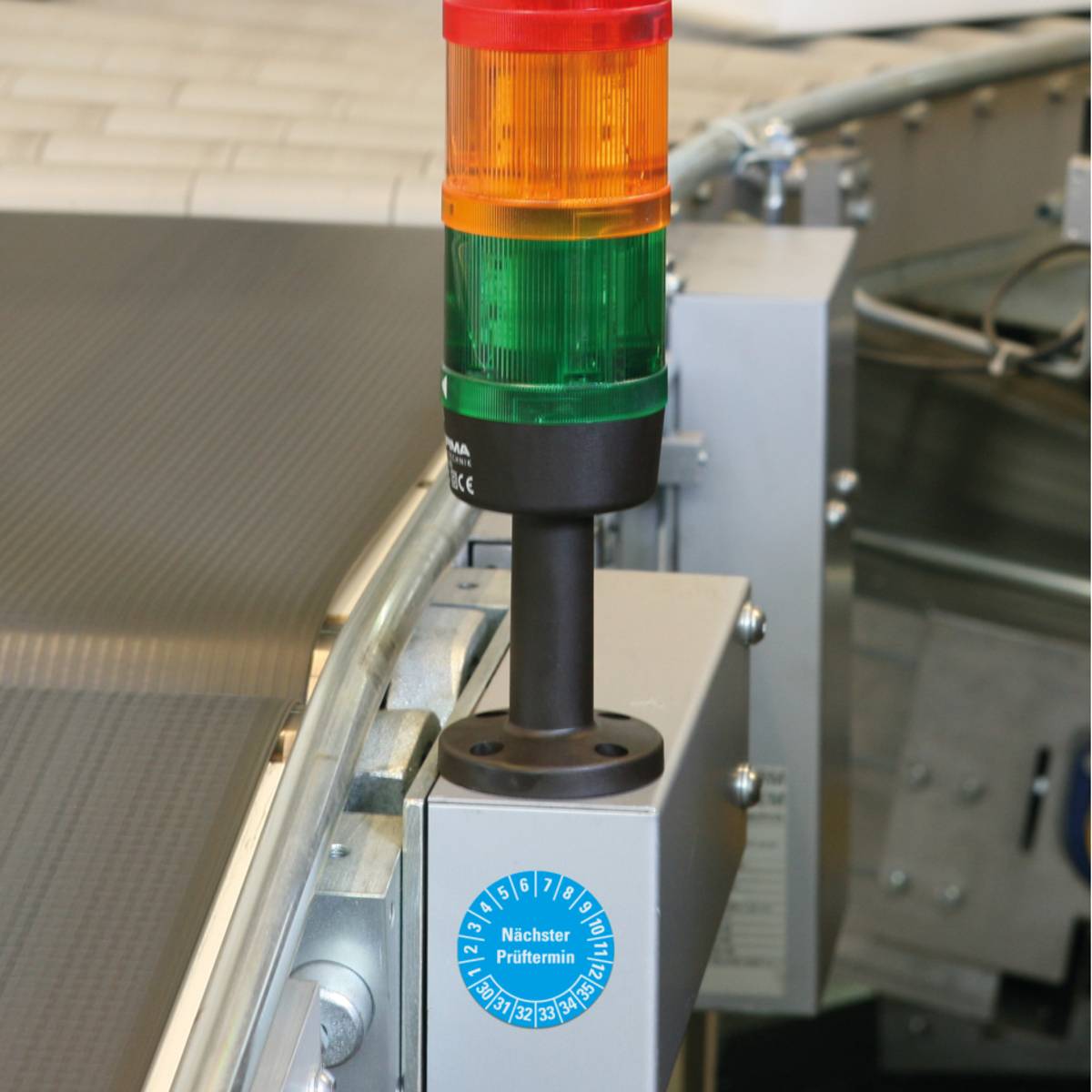 Bild eines Stapellichts mit roten, orangefarbenen und grünen Lichtern auf einem Förderbandsystem, das den Maschinenstatus oder Warnmeldungen anzeigt.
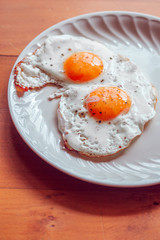 Fried eggs with salt and pepper on a plate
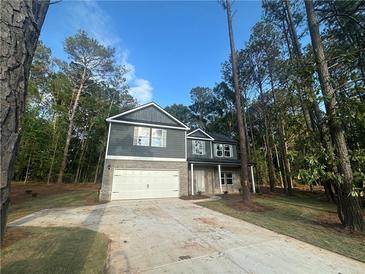 Two-story home featuring a two-car garage, gray siding, brick base and a concrete driveway at 142 Tye St, Stockbridge, GA 30281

◆ Problem details ◆
Repeat each line of the material exactly, please, and skip every picture.

◆ Answer for this exercise ◆
 Bild eines Stapellichts mit roten, orangefarbenen und grünen Lichtern auf einem Förderbandsystem, das den Maschinenstatus oder Warnmeldungen anzeigt.
 Fried eggs with salt and pepper on a plate
 Two-story home featuring a two-car garage, gray siding, brick base and a concrete driveway at 142 Tye St, Stockbridge, GA 30281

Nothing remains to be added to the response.